• [EXERCISE REQUIREMENTS]
Leave out all pictures while you copy the lines exactly from the one with "Country Landscape, n.d., Rodolphe" through the last line of the listing.

-- -- --

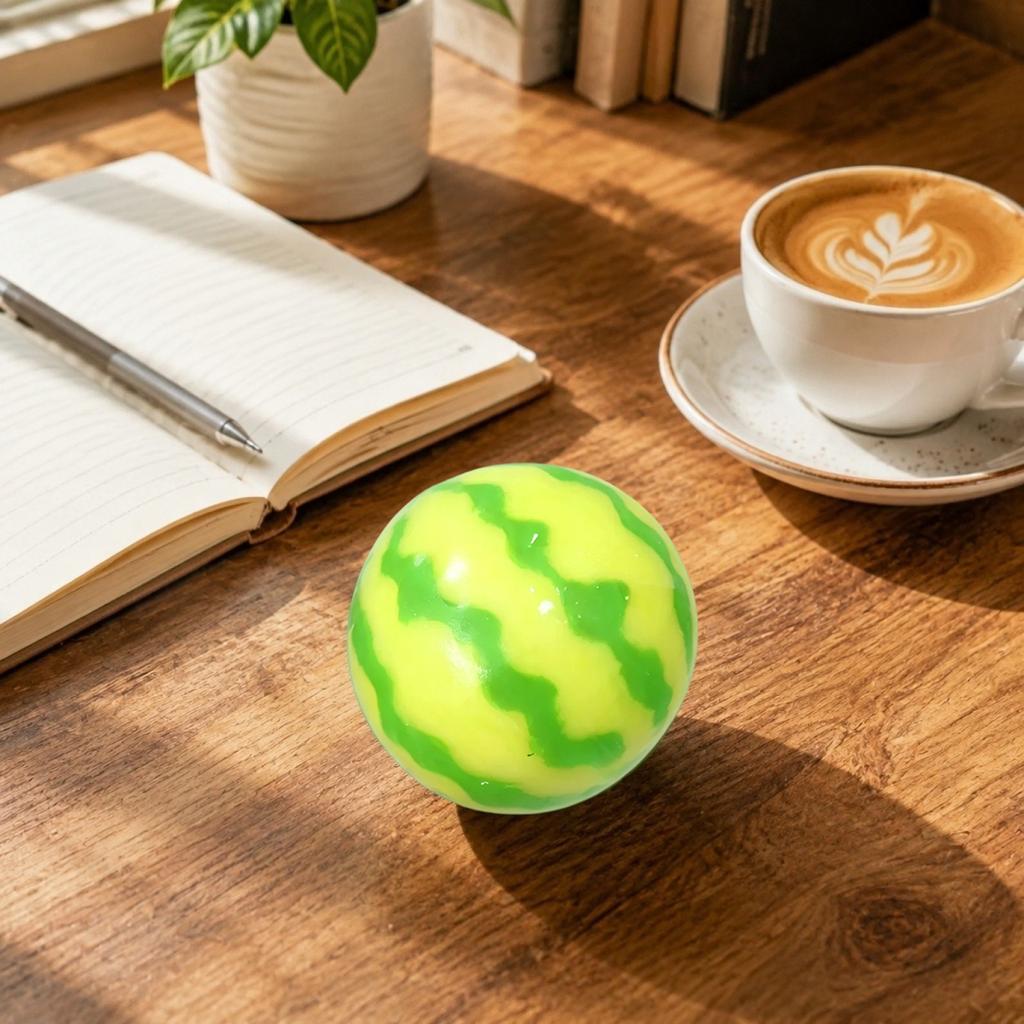 Wassermelonen-Spielzeug - Grünes gestreiftes Stressspielzeug für Kinder und Erwachsene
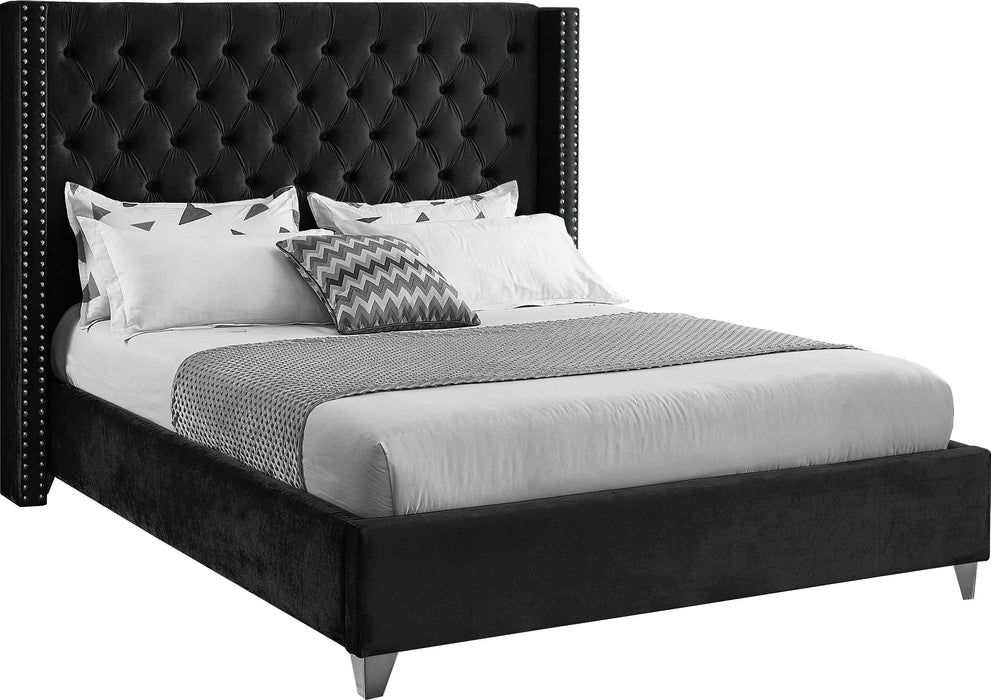 Aiden Black Velvet King Bed image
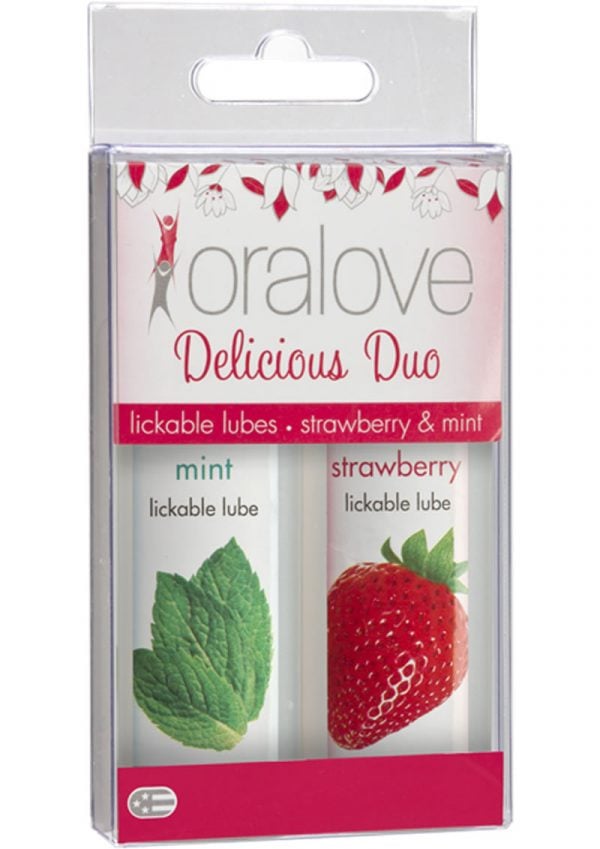 Oralove Delicious Duo Lickable Strawberry And Mint Lubes 1 Ounce 2 Each Per Set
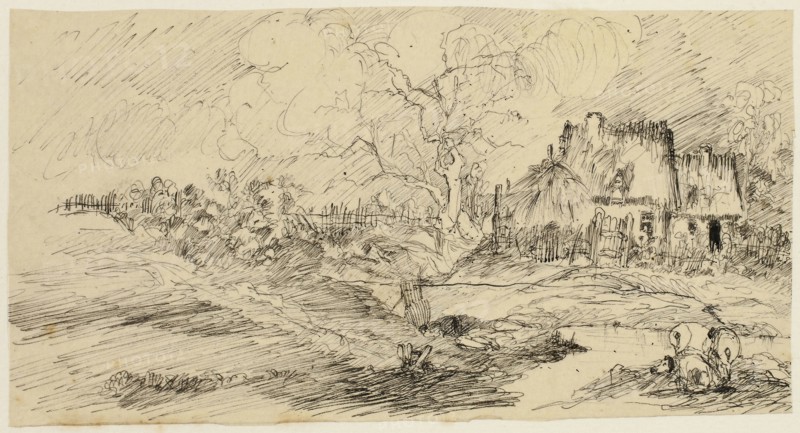 Country Landscape, n.d., Rodolphe Bresdin, French, 1825-1885, France, Pen and black ink, on cream tracing paper, laid down on ivory wove paper, 85 × 160 mm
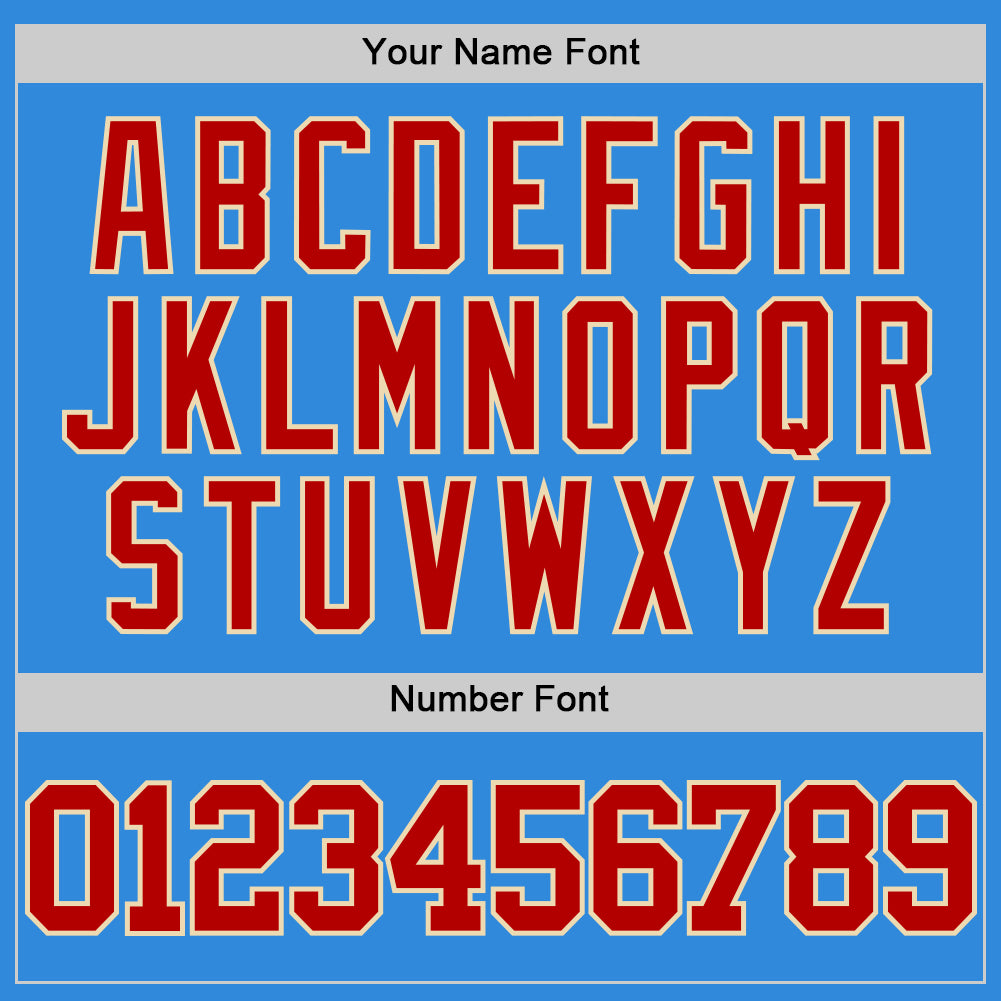 Custom Powder Blue Red-Cream Authentic Basketball Jersey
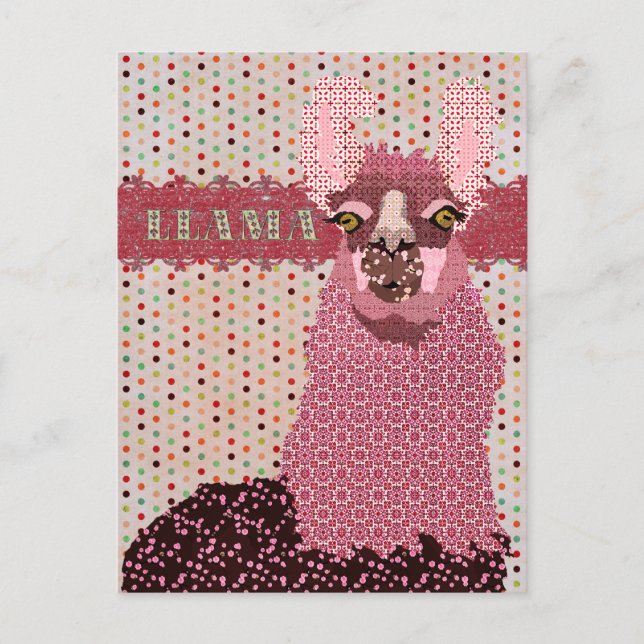 Cartão postal Llama Rosa Pokadot (Frente)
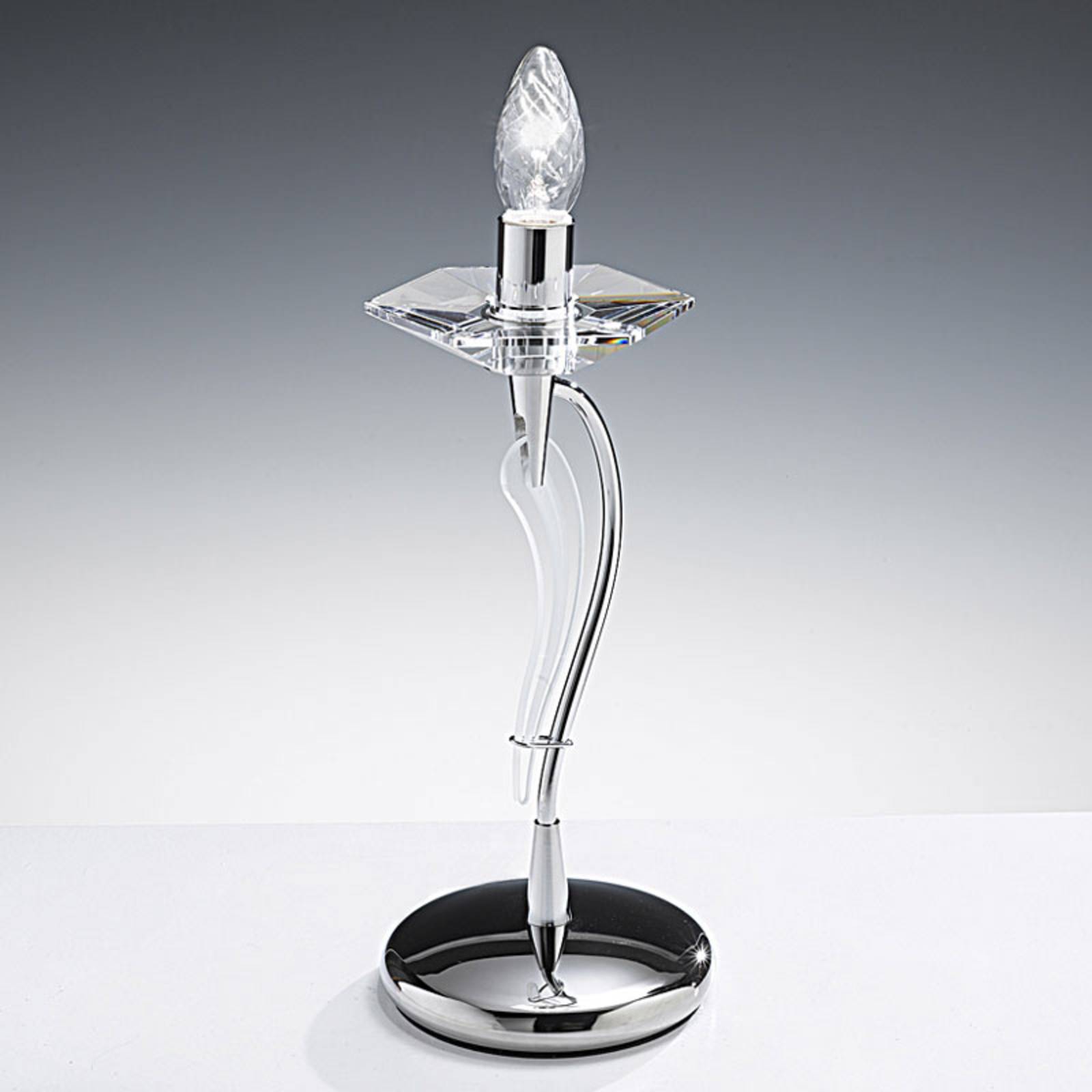 Metallux Bordlampe Icaro med krystallglass krom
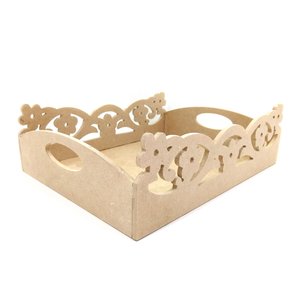 Bandeja Floral em MDF 25x35cm - cnc15 Bandeja Floral em MDF 25x35cm - cnc15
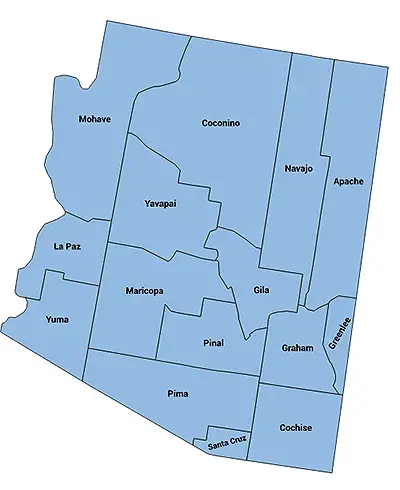 Map of Arizona with boundaries for and names of each county displayed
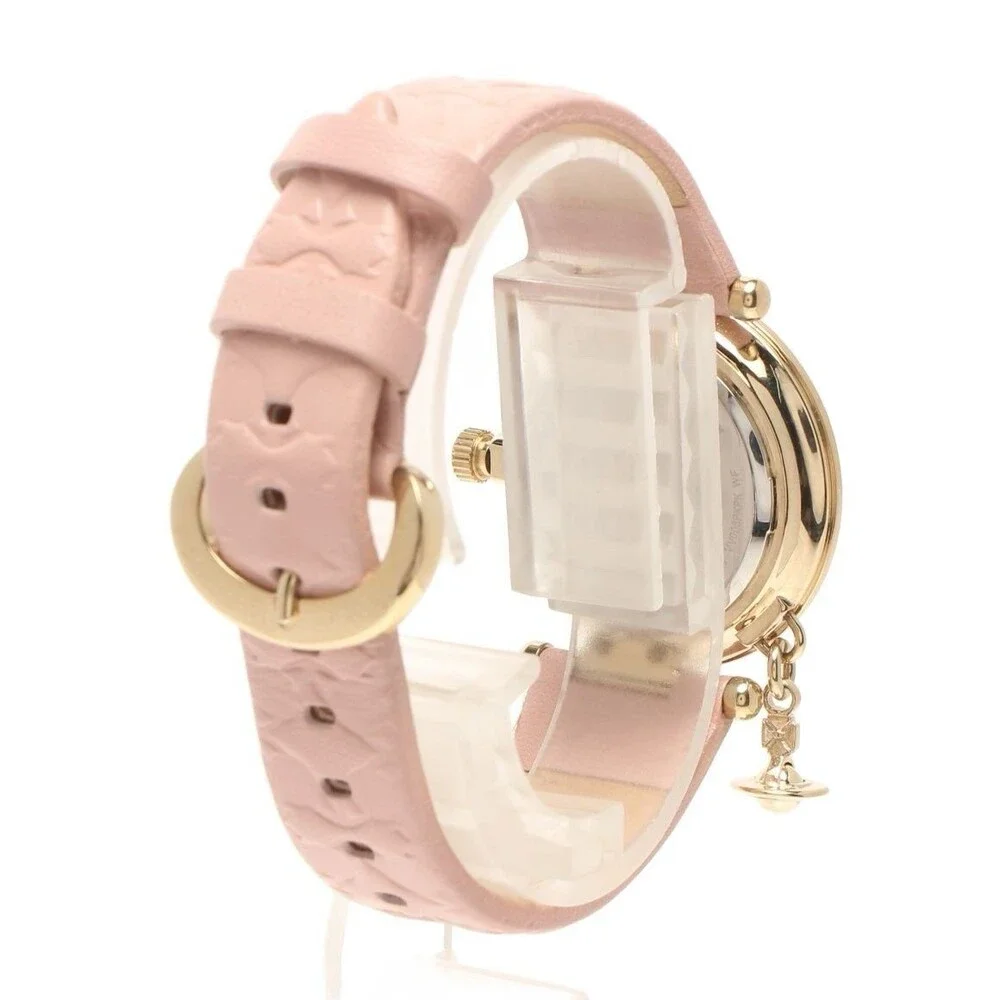 Vivienne Westwood Women's Watch With Box Gold Orb Quartz, Pink Leather Strap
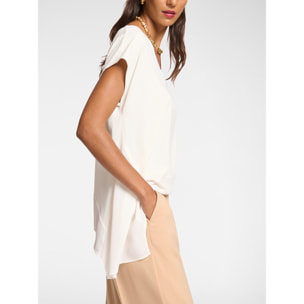 Elena Mirò - T-shirt lunga con punte al fondo - Bianco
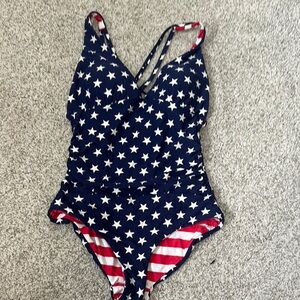 Women’s Star-Patterned Swimsuit - Blue and Red reversible, brand unknown. Padded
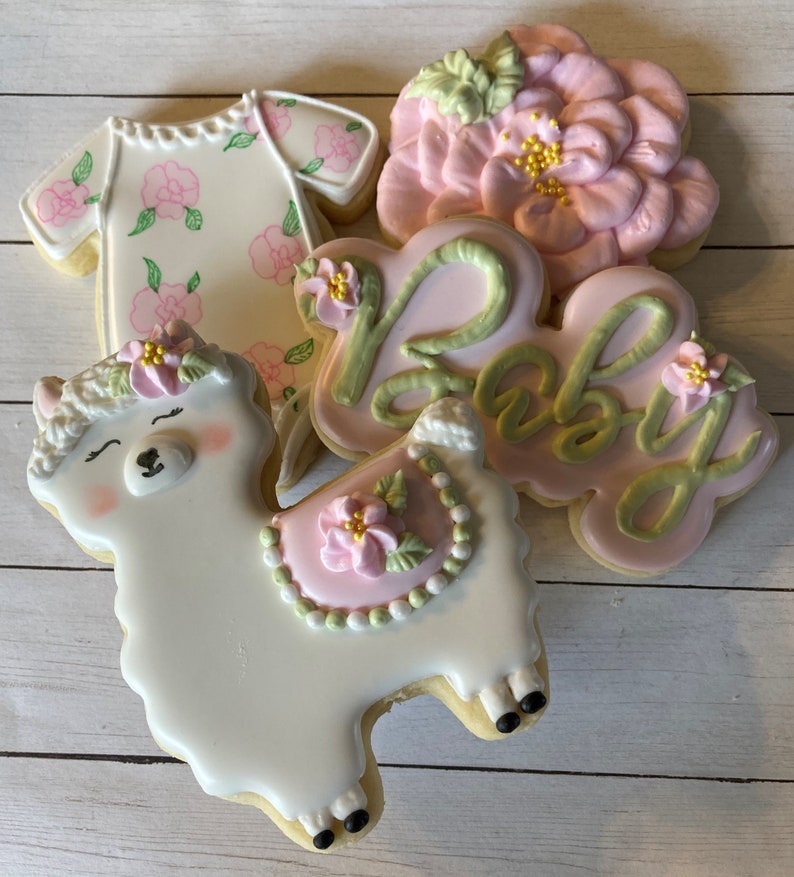 Llama Baby Shower Cookies Llama Cookies Baby Shower Cookies Etsy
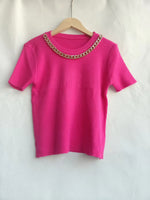 Summer French Style Chic Chain Neck Tees
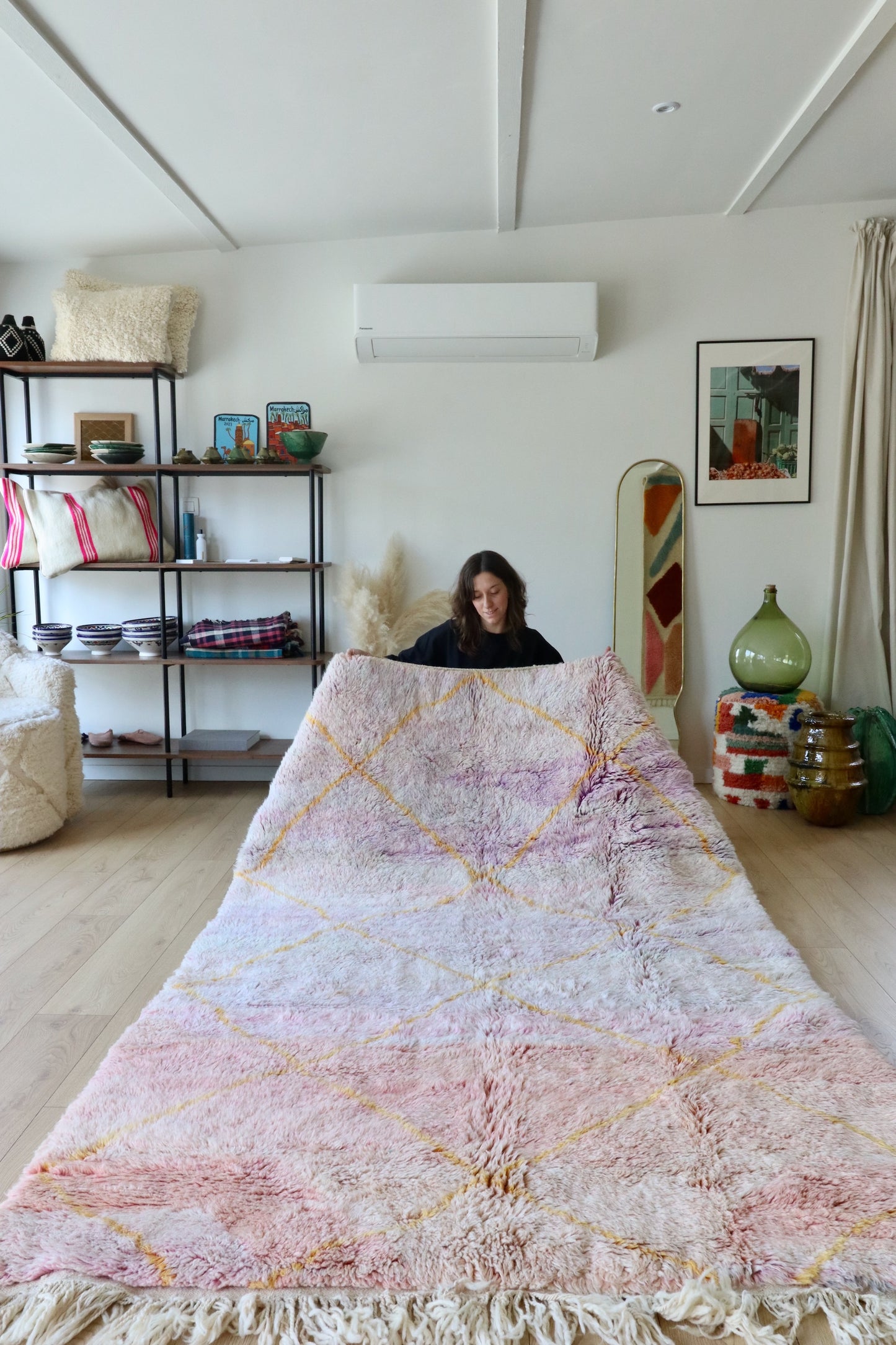 Beni Ouarain Moroccan Colorful Rug (895) 254x160cm - Lilac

-- -- --

• [TASK OUTPUT]
 Country Landscape, n.d., Rodolphe Bresdin, French, 1825-1885, France, Pen and black ink, on cream tracing paper, laid down on ivory wove paper, 85 × 160 mm
 Custom Powder Blue Red-Cream Authentic Basketball Jersey
 Cartão postal Llama Rosa Pokadot (Frente)
 Metallux Bordlampe Icaro med krystallglass krom
 Bandeja Floral em MDF 25x35cm - cnc15 Bandeja Floral em MDF 25x35cm - cnc15
 Map of Arizona with boundaries for and names of each county displayed
 Vivienne Westwood Women's Watch With Box Gold Orb Quartz, Pink Leather Strap
 Elena Mirò - T-shirt lunga con punte al fondo - Bianco
 Women’s Star-Patterned Swimsuit - Blue and Red reversible, brand unknown. Padded
 Llama Baby Shower Cookies Llama Cookies Baby Shower Cookies Etsy
 Summer French Style Chic Chain Neck Tees
 Beni Ouarain Moroccan Colorful Rug (895) 254x160cm - Lilac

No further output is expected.